Here is what it warrants–
Speech clarity hugely depends on the way we articulate speech sounds (vowel and consonant sounds). These sounds are known as the smallest unit of spoken language.
To enable our global audience to understand our speech in English, we must make sure that these speech sounds are free from the influence of our first language.
I have already touched upon vowel sounds for speech clarity in my earlier blog. Let us now focus on another set of speech sounds- Consonant sounds.
Any letter apart from a,e,i,o,u is a consonant with a sound distinct to it. These sounds are produced by partly or completely stopping the flow of air breathed out of the mouth.

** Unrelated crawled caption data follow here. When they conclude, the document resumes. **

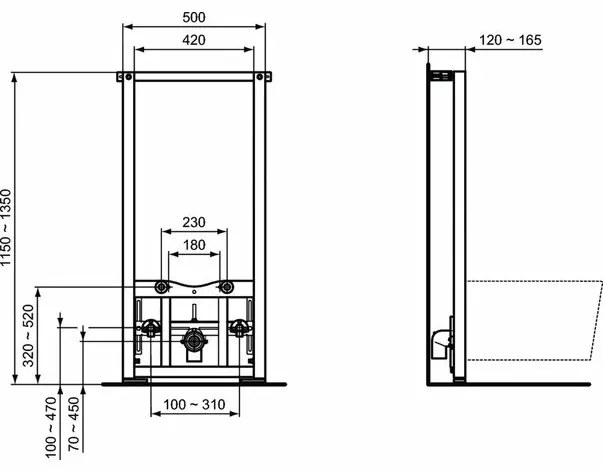 Cadru bideu Ideal Standard ProSys inaltime 115-135 cm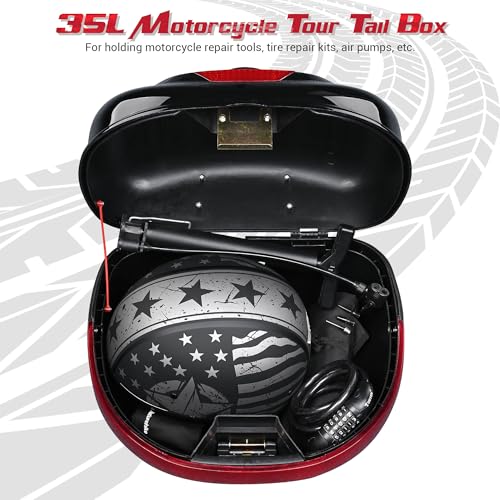 Motorcycle Trunk Black Motorcycle Top Case Motorcycle Tail Box Scooter Trunk Tour Motorcycle Storage Box Carrier with Lock for Helmet Luggage, 35L Capacity, TPU-0089 - size: 35L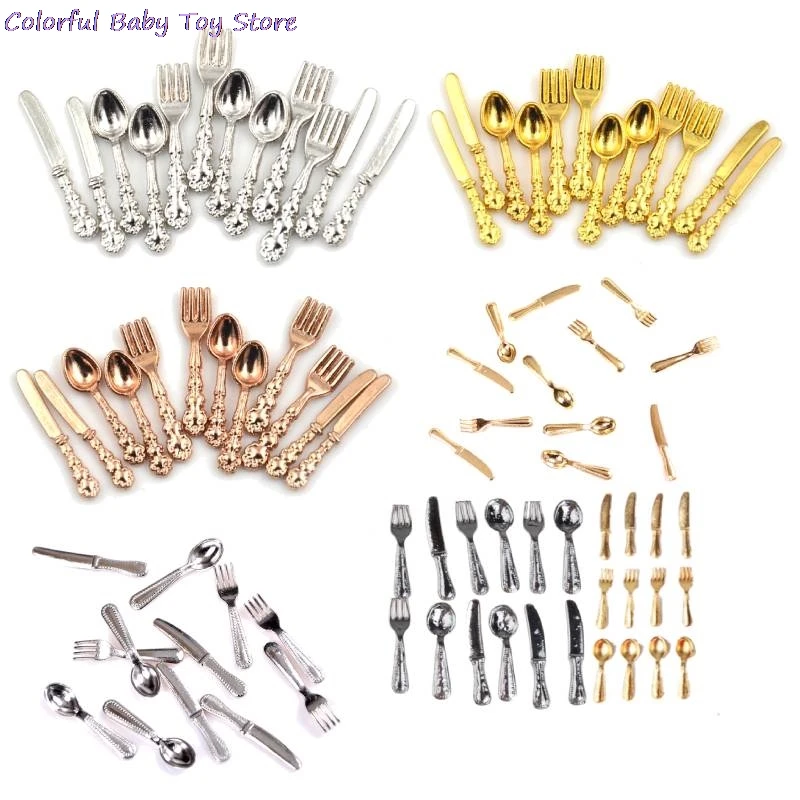 12Pcs 1:12 Mini Vintage Dollhouse Miniatures Tableware Cutlery Metal Gold Silver Knife Fork Spoon Kitchen Food Furniture Toys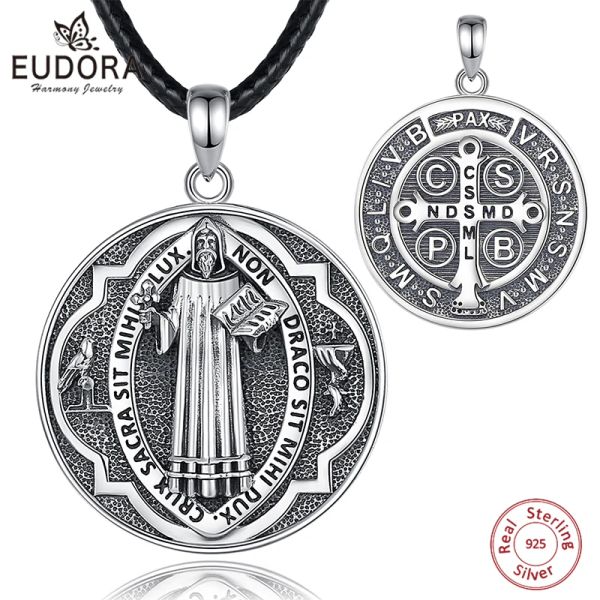 Ciondoli Eudora Reale Argento 925 Medaglia di San Benedetto Collana per Uomo Donna San Benedetto Croce Amuleto Ciondolo Gioielli Religiosi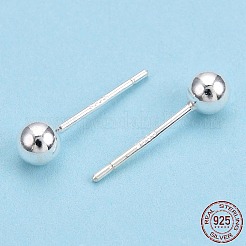 スターリングシルバー ラウンド ボール スタッド イヤリング 925 個  銀  4mm  ピン：0.8mm&nbsp;STER-T005-01E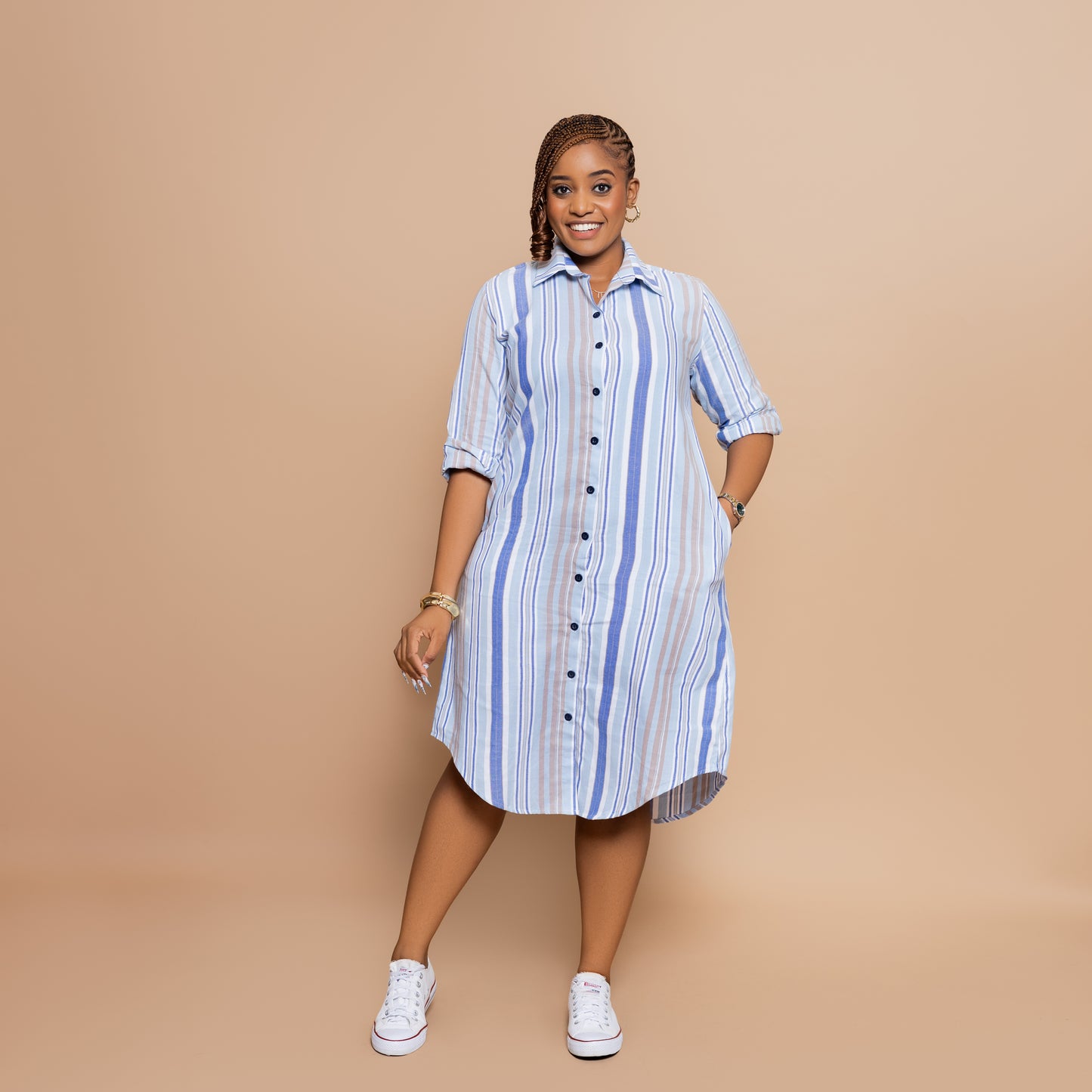 Button Down Midi-length Shirtdress - Powder Blue Stripe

One of the trickiest forms that these consonants take is the notorious consonant clusters. When two or more consonant sounds appear next to each other in a word, they form a consonant cluster. E.g. Black, Scooter, Sixty
The non-native speakers of English sometimes tend to-
- skip a consonant sound altogether from the cluster
- add an unwanted vowel sound in between the cluster
- swap the sounds
E.g., Ask/Aks, Desk/Deks
These types of articulation errors in consonant clusters can lead to:
a) change in the meaning of the word
Black- Skipping /l/ from the cluster /bl/, will change the word to ‘back’.
b) errors in grammar
Clients– Skipping /s/ from the cluster /ts/, will change the word from plural to singular.
When you say- “Our client are happy with our services.”, you can end up confusing your listener (all clients or just one of them?).
c) wrong pronunciation
Scooter- Adding an unwanted vowel to the cluster /sc/, changes the pronunciation of the word to Sakooter, taking away the meaning of the word.
– Swapping the clusters in Desk to Deks leaves it meaningless.
Given below is the list of some consonant clusters that you can use for practicing:
Steps to follow –
i) More than the spellings, focus on the sounds these clusters are generating.
E.g. – Siks-ty/Sixty
ii) Break the clusters down, articulate each section slowly, and then smoothly join them together.
E.g. Tas–k, S–t–ring, Bur–s–t–s
Different types of consonant clusters:
- 2 consonant sounds in a row
/bl/ in black
/sk/ in ask, task, desk, scooter
/ks/ in access, accent
/kw/ in quality, quantity
/gz/ in exaggerate, executive
/ft/ in soft, left, lift
/st/ in fast, stiff, post
/kt/ in act, fact, picked
/pt/ in hoped, helped, script
/sp/ in crisp, lisp, wasp
/kt/ in looked, watched, pushed
/fr/ in from, frame, frantic
- 3 consonant sounds in a row
/str/ in string, strong, strange
/sks/ in tasks, desks, masks, discs
/kst/ in sixty
/kts/ in acts, ducts
/skr/ in script, scratch, scrunch
/skw/ in squint, square
/spr/ in spray, sprint
/ksp/ in expect, expire
- 4 consonant sounds in a row
/ksts/ in texts
/mpst/ in glimpsed
/ksths/ in sixths
/fths/ in twelfths
/rsts/ in bursts
/mpts/ in prompts, attempts, tempts
/lpts/ in sculpts
Now practice the clusters in the following sentences-
- Access to the office building was blocked from employees yesterday because of the breakdown of electrical service.
- He was brought to task for his lack of enthusiasm towards work.
- Speech clarity is of utmost importance.
- Immigrant job seekers must work on their language skills.
- Interview with the client is scheduled for Thursday
- The product presentation was a success.